North Korea Leadership Watch

Research and Analysis on the DPRK Leadership

NK Claims Nuclear Fusion Reaction

The DPRK is claims to have succeeded at a nuclear fusion reaction.  The country’s announcement occurred less than a week after KJI’s return from China, a trip which included a vague commitment to return to the Six Party Talks.  Earlier this year, the DPRK also announced its intention to construct a light water reactor.  One ROK official described the DPRK’s claim as “far-fetched” and another said the claim was “absurd.”  Korea Herald‘s Kim Ji-hyun:

North Korea yesterday claimed that it has succeeded in producing a nuclear fusion reaction while talks aimed at ending its nuclear weapons programs remain in deadlock.

The reaction Pyongyang was referring to usually occurs naturally. Artificial experiments have been mostly unsuccessful, although there have been many attempts at controlling the energy produced from such a reaction to use for military purposes.

A nuclear fusion reaction also occurs when a hydrogen bomb is detonated, a bomb said to be far more damaging than an atomic bomb. This kind of reaction also leaves less radioactive residue.

JoongAng‘s Yoo Jee-ho reports on some of the more technical aspects to the country’s claim:

“Nuclear fusion requires a major facility and as far as we know, there isn’t one in North Korea,” the official told reporters in a background briefing. “North Korean scientists probably did some small experiment or studied some related theory, and exaggerated these activities.”

The official pointed out that the members of the International Thermonuclear Experimental Reactor, a nuclear fusion project, have given themselves about half a century to create a controlled nuclear fusion reaction. The seven members of the ITER are South Korea, the United States, the European Union, India, Japan, Russia and China. In 2006, they agreed to fund the building of a nuclear fusion reactor in France, and the South Korean official said the work would cost about 5 billion euros ($6.35 billion).

Lee Choon-geun, a researcher at the Science and Technology Policy Institute in Seoul, said North Korea has been researching nuclear fusion since the beginning of this decade.

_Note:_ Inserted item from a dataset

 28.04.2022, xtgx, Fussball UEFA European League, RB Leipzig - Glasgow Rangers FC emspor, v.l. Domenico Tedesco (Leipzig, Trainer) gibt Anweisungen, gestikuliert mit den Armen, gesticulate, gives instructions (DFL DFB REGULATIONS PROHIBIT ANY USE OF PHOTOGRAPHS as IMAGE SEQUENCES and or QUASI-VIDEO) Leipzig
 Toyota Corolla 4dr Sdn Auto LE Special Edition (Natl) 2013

“But nuclear fusion is difficult to achieve in a laboratory setting,” Lee said. “Some have claimed that they did it at room temperature but they were later refuted.”

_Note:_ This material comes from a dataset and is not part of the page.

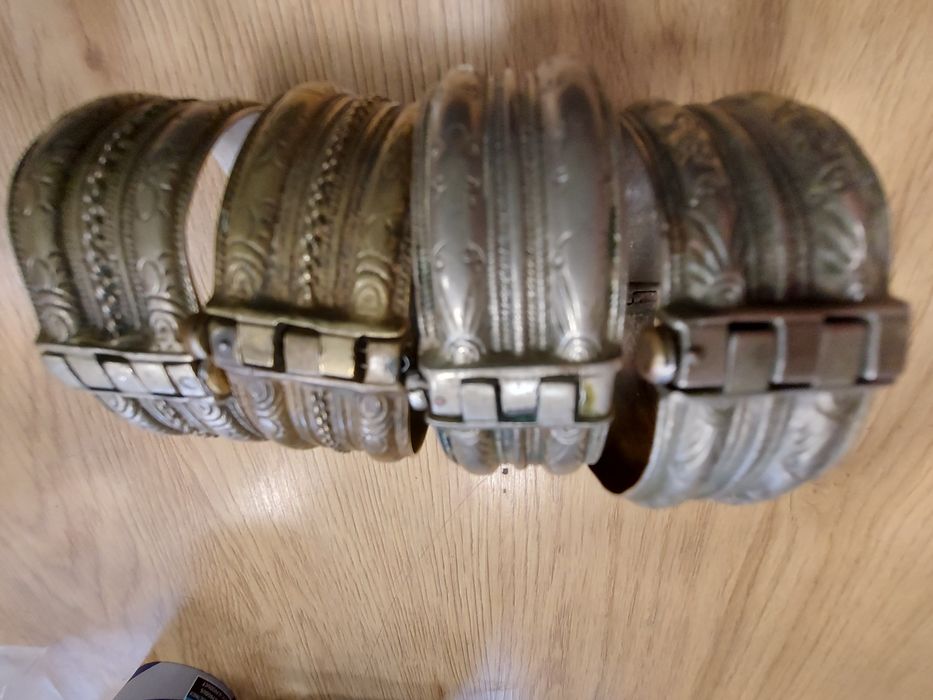 5  броя стари  възрожденски гривни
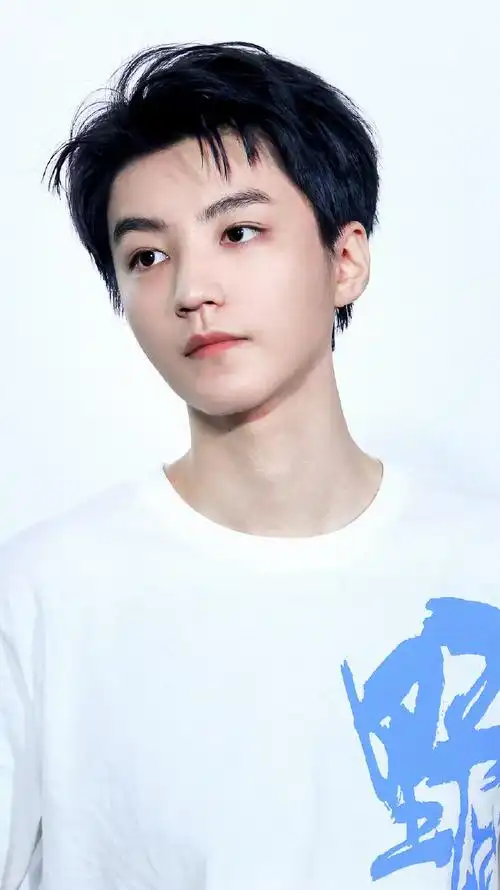 王俊凯白t侧分露额头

The seemingly bogus claim by North Korea comes as six-party talks on shutting down its nuclear weapon program have been suspended. North Korea wants bilateral negotiations with the United States as a precursor to six-party talks, and Kim Jong-il said last week he would work to create “favorable conditions” for the resumption of the talks.

And KCNA transmitting Rodong Sinmun:

The nuclear fusion technology is called “artificial solar” technology as it represents a field of the latest science and technology for the development of new energy desired by humankind.

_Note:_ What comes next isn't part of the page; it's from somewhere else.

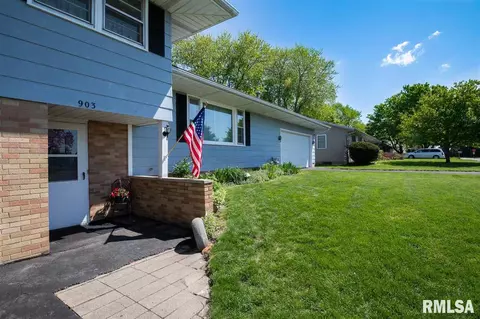 903 E Madison St, Metamora, IL 61548 photo 2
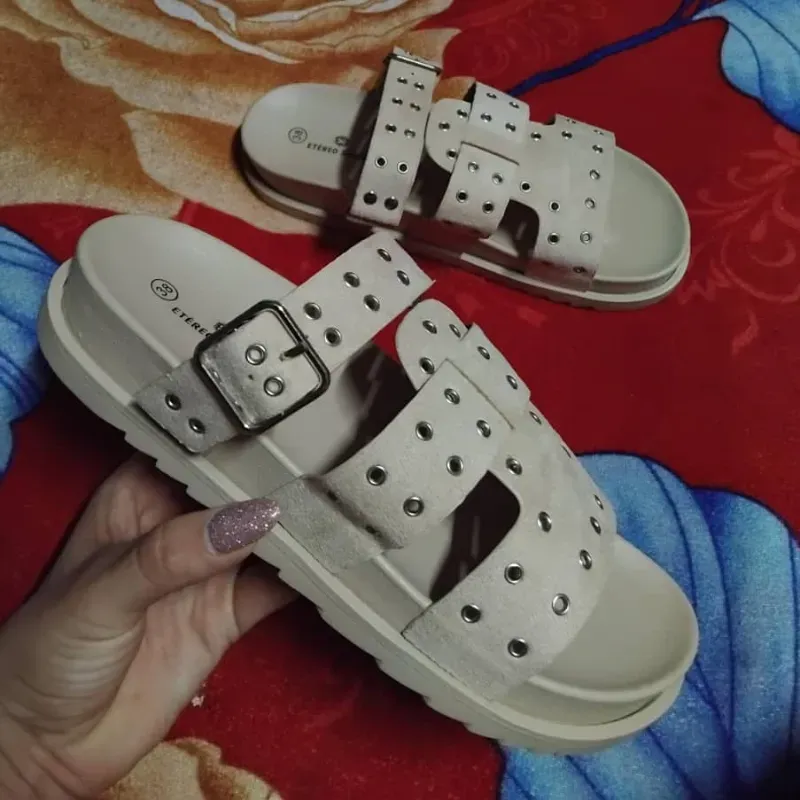 Sandalias (M)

The nuclear fusion technology for obtaining safe and environment-friendly new energy the source of which is abundant draws great attention of world science at present.

Scientists of the DPRK have worked hard to develop nuclear fusion technology their own way.

They solved a great many scientific and technological problems entirely by their own efforts without the slightest hesitation and vacillation even under the conditions where everything was in short supply and there were a lot of difficulties, thus succeeding in nuclear fusion reaction at last.

In this course, Korean style thermo-nuclear reaction devices were designed and manufactured, basic researches into nuclear fusion reaction completed and strong scientific and technological forces built to perfect the thermo-nuclear technology by their own efforts.